This review summarizes the changes in the 5th edition of the WHO Classification of
Endocrine and Neuroendocrine Tumors that relate to the thyroid gland. The new classification
has divided thyroid tumors into several new categories that allow for a clearer understanding
of the cell of origin, pathologic features (cytopathology and histopathology), molecular
classification, and biological behavior. Follicular cell-derived tumors constitute
the majority of thyroid neoplasms. In this new classification, they are divided into
benign, low-risk, and malignant neoplasms. Benign tumors include not only follicular
adenoma but also variants of adenoma that are of diagnostic and clinical significance,
including the ones with papillary architecture, which are often hyperfunctional and
oncocytic adenomas. For the first time, there is a detailed account of the multifocal
hyperplastic/neoplastic lesions that commonly occur in the clinical setting of multinodular
goiter; the term thyroid follicular nodular disease (FND) achieved consensus as the
best to describe this enigmatic entity. Low-risk follicular cell-derived neoplasms
include non-invasive follicular thyroid neoplasm with papillary-like nuclear features
(NIFTP), thyroid tumors of uncertain malignant potential, and hyalinizing trabecular
tumor. Malignant follicular cell-derived neoplasms are stratified based on molecular
profiles and aggressiveness. Papillary thyroid carcinomas (PTCs), with many morphological
subtypes, represent the BRAF-like malignancies, whereas invasive encapsulated follicular
variant PTC and follicular thyroid carcinoma represent the RAS-like malignancies.

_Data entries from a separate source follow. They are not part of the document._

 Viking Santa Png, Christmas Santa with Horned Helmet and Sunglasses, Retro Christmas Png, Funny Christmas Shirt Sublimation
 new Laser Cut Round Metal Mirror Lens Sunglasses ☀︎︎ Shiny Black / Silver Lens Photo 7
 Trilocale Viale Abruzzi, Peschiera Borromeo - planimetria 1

This new classification requires detailed subtyping of papillary microcarcinomas similar
to their counterparts that exceed 1.0 cm and recommends not designating them as a
subtype of PTC. The criteria of the tall cell subtype of PTC have been revisited.
Cribriform-morular thyroid carcinoma is no longer classified as a subtype of PTC.

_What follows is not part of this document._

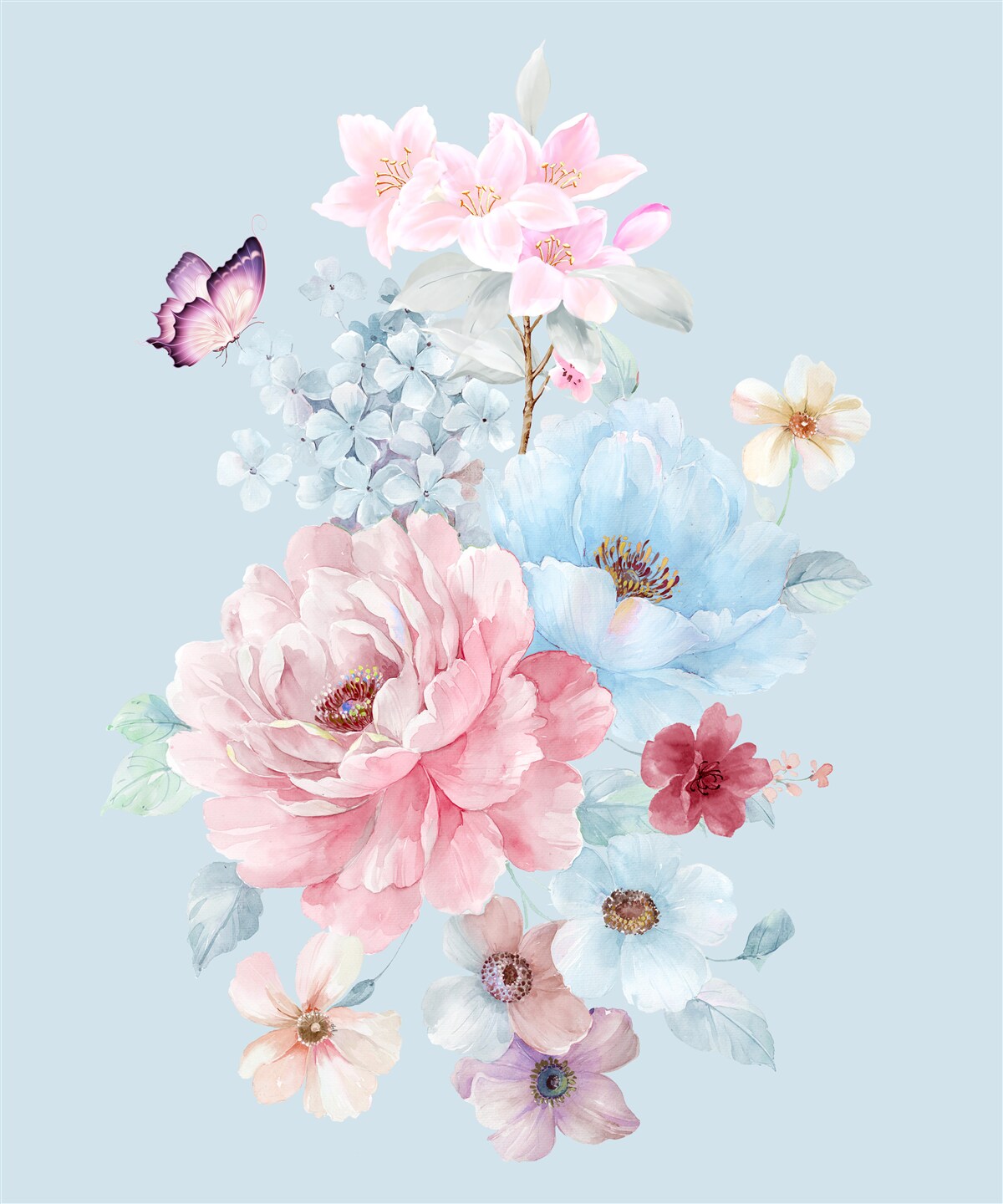 Papier peint charmante guirlande de fleurs d'été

The term "Hürthle cell" is discouraged, since it is a misnomer. Oncocytic carcinoma
is discussed as a distinct entity with the clear recognition that it refers to oncocytic
follicular cell-derived neoplasms (composed of > 75% oncocytic cells) that lack characteristic
nuclear features of PTC (those would be oncocytic PTCs) and high-grade features (necrosis
and ≥ 5 mitoses per 2 mm2). High-grade follicular cell-derived malignancies now include
both the traditional poorly differentiated carcinoma as well as high-grade differentiated
thyroid carcinomas, since both are characterized by increased mitotic activity and
tumor necrosis without anaplastic histology and clinically behave in a similar manner.

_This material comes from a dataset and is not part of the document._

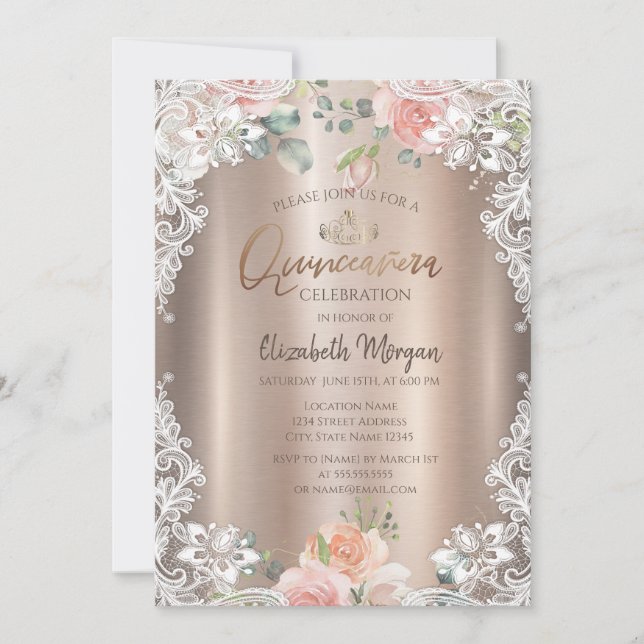 Convite Flores,Renda,Tiara Quinceañera (Frente)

Anaplastic thyroid carcinoma remains the most undifferentiated form; squamous cell
carcinoma of the thyroid is now considered as a subtype of anaplastic carcinoma. Medullary
thyroid carcinomas derived from thyroid C cells retain their distinct section, and
there is a separate section for mixed tumors composed of both C cells and any follicular
cell-derived malignancy. A grading system for medullary thyroid carcinomas is also
introduced based on mitotic count, tumor necrosis, and Ki67 labeling index. A number
of unusual neoplasms that occur in the thyroid have been placed into new sections
based on their cytogenesis. Mucoepidermoid carcinoma and secretory carcinoma of the
salivary gland type are now included in one section classified as "salivary gland-type
carcinomas of the thyroid." Thymomas, thymic carcinomas and spindle epithelial tumor
with thymus-like elements are classified as "thymic tumors within the thyroid." There
remain several tumors whose cell lineage is unclear, and they are listed as such;
these include sclerosing mucoepidermoid carcinoma with eosinophilia and cribriform-morular
thyroid carcinoma. Another important addition is thyroblastoma, an unusual embryonal
tumor associated with DICER1 mutations. As in all the WHO books in the 5th edition,
mesenchymal and stromal tumors, hematolymphoid neoplasms, germ cell tumors, and metastatic
malignancies are discussed separately. The current classification also emphasizes
the value of biomarkers that may aid diagnosis and provide prognostic information.